On January 23, the U.S. Court of Appeals for the Federal Circuit reversed a ruling by the U.S. Patent and Trademark Office Board of Patent Appeals and Interferences that Habasit’s invention is not obvious. Even though the Federal Circuit did affirm the board’s ruling that the patent’s claims are not anticipated, it’s obviousness ruling invalidates the patent.
In its ruling in the case, Rexnord Industries LLC v Kappos, the Federal Circuit held that the patent appeals board erred by declining to consider Rexnord’s arguments to the patent examiner that Habasit did not raise on appeal.
Habasit sued Rexnord in Delaware federal court a decade ago for infringing its patent for a mechanical conveyor belt.
Rexnord asked the patent office to re-examine the patent, and the district court stayed the case in September 2005.
The examiner found all of Habasit’s claims unpatentable for anticipation and obviousness.
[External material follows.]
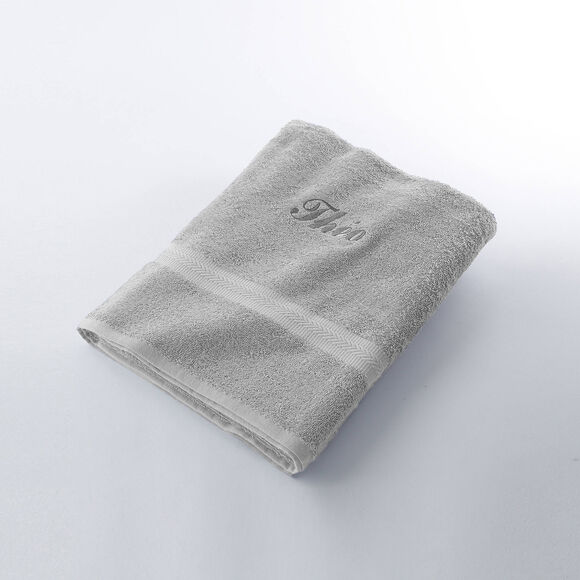 Collection serviettes de bain personnalisables confort moelleux (gris)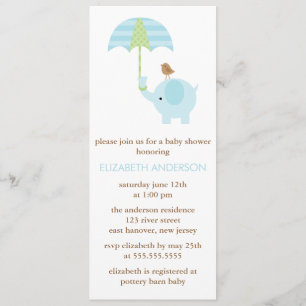Blåttelefantbaby shower inbjudningar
In July 2010, the patent appeals board reversed that decision, finding the claims patentable.
In March 2011, the board rejected Rexnord’s rehearing request on the ground that Rexnord’s reasons for why Habasit’s claims were obvious were not the same as the examiner’s reasons.
Judge Pauline Newman wrote the First Circuit opinion, joined by Judges Alan Lourie and Sharon Prost.
“On judicial review, the correctness of the decision appealed from can be defended by the appellee on any ground that is supported by the record, whether or not the appellant raised the argument,” Newman wrote.
She concluded, “The Board erred in declining to consider the references presented for reexamination, and in declining to consider Rexnord’s arguments in support of the examiner’s decision.”
Rexnord’s lawyer, David Cross, a partner at Quarles & Brady, said the ruling stands for the proposition that a “basic rule of appellate practice applies within the patent office as well.”
“If the tribunal below says I win for reason A, but I had also a reason B and a reason C, even if the tribunal below did not address those or…ruled against me on those I can raise those arguments B and C as alternative reasons why I can win on appeal,” Cross said. “The accused infringer can argue that there were other alternative grounds that supported the examiner’s rejection of all the claims.”
Habasit’s lawyer Matthew Bailey, a Washington partner at McKenna Long & Aldridge, declined to comment.
The patent office also declined to comment.